• DATA RECORDS
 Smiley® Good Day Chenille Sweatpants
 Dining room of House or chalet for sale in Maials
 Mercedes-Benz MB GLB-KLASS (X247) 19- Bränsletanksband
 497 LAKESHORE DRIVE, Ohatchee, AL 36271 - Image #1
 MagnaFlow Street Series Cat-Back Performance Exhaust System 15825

...

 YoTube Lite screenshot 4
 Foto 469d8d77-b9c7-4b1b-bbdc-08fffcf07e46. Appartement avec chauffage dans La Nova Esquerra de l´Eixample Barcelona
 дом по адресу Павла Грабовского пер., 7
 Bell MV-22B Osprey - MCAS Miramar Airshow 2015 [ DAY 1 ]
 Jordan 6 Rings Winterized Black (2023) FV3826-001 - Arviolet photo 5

• TASK DIRECTIONS
Among the entries above, the line containing "Bell MV-22B Osprey", the line containing "Jordan 6 Rings", and all lines between them are to be restated word for word; nothing else belongs in the reply.

• TASK RESPONSE
 Bell MV-22B Osprey - MCAS Miramar Airshow 2015 [ DAY 1 ]
 Jordan 6 Rings Winterized Black (2023) FV3826-001 - Arviolet photo 5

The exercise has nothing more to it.